THT 10 YEARS AGO; 15 killed in Surkhet bridge collapse
Surkhet, December 25, 2007
Fifteen persons were killed, 33 injured and over 100 went missing when a suspension bridge at Suwaghat over Bheri River linking Mehelkuna and Dahachaur collapsed today.
The bridge was overcrowded with pilgrims and collapsed after pilgrims who were heading to attend the annual poornima fair in Suwaghat were passing the bridge at around 2 pm today. “As the bridge was overcrowded with pilgrims, it collapsed,” an injured, Sher Bahadur Oli of Sahare-4, said. “I managed to survive by holding on to the ropes of the bridge,” Oli said, adding that some 2,000 persons were crossing the bridge while it collapsed. “Only human heads were seen in the Bheri River after the collapse of the bridge,” an eyewitness Bhim Bahadur Poudel said, adding that most of the missing include women, children and elderly persons. People involved in rescue and security personnel said that the number of those missing could not be confirmed, but eye witnesses said over 100 people may have gone missing.
People involved in the rescue rescued 50 persons from the river. “As a large number of people were crossing the bridge, the number of persons who fell into the river could not be confirmed,” Chandra KC of Maintada- 5 said, adding, there was no space “even for a needle” in the bridge.
Pilgrims of some 25 VDCs of eastern Surkhet attend the fair and the crowd of pilgrims have been increasing since yesterday.
Govt plans austerity measures to cut costs
Kathmandu, December 25, 2007
The government is planning cost-cutting measures to fight what economists call the ‘Dutch disease’ — an economic condition that, in its broadest sense, refers to negative consequences resulting from rising expenditure.

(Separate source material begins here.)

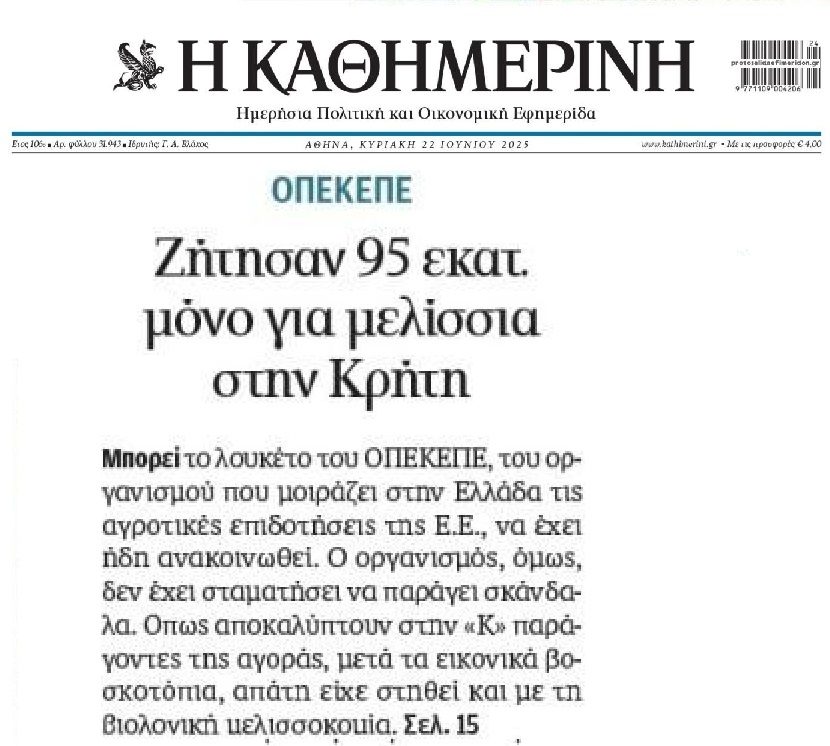 Σκάνδαλο ΟΠΕΚΕΠΕ: Μπίζνα είχε στηθεί και με τα βιολογικά μελίσσια…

The austerity measures are meant to contain rise in expenditure vis-à-vis resource mobilisation, a finance ministry official said. “Official trips abroad will be cut and new land and vehicles will not be purchased,” said Budget Division chief at the ministery, Krishna Hari Baskota. “This way we could save up to Rs 3 billion without compromising on any development activity.”
The budget deficit has crossed Rs 9.80 billion, which is 30 per cent of the total revenue the government realised during the first five months of the current fiscal year. It was on a surplus of Rs 1.49 billion during the same period last year.
Economists assess that the continuation of the ballooning of budgetary deficit could result in a budget deficit of about Rs 40 billion or 5.6 per cent of the GNP. “The current situation calls for immediate measures to control rising expenditure, giving economic issues the attention they deserve,” says economist Dr Raghav Dhoj Panta.
The total budgetary expenditure rose by 46.5 per cent to Rs 44.88 billion in the past five months, out of which recurrent expenditures account for 69 per cent.